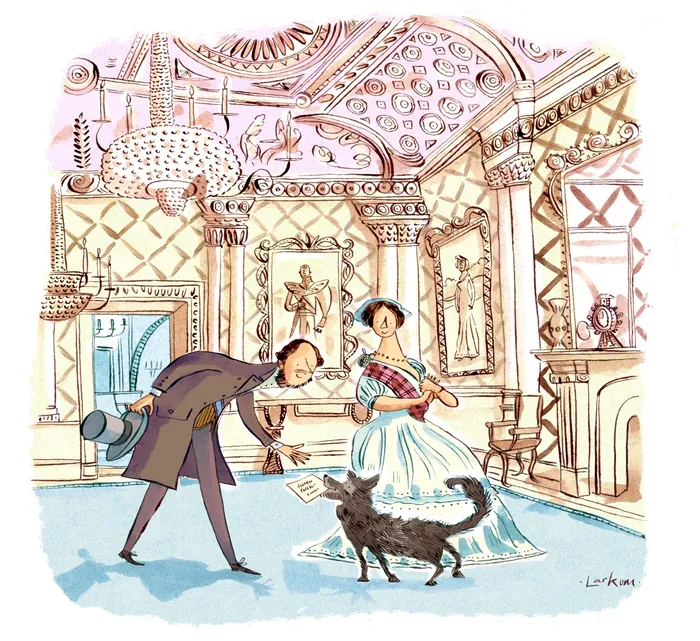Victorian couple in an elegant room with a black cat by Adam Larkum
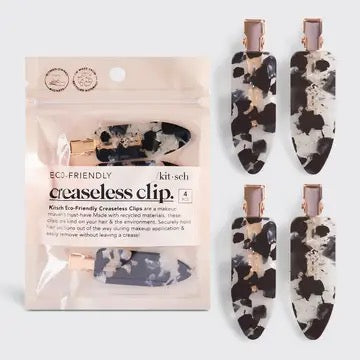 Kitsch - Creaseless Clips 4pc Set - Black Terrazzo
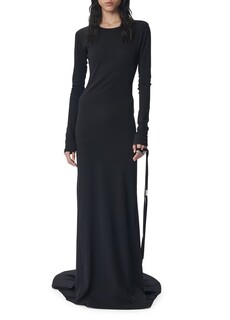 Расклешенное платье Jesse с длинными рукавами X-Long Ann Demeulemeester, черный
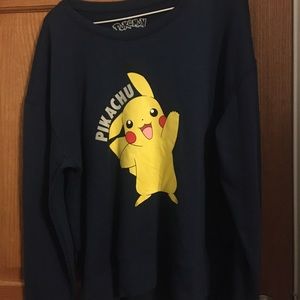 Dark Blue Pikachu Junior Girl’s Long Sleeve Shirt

———

Activity
Return every line above exactly, omitting images.

Finished task
Victorian couple in an elegant room with a black cat by Adam Larkum
 Kitsch - Creaseless Clips 4pc Set - Black Terrazzo
 Расклешенное платье Jesse с длинными рукавами X-Long Ann Demeulemeester, черный
 Dark Blue Pikachu Junior Girl’s Long Sleeve Shirt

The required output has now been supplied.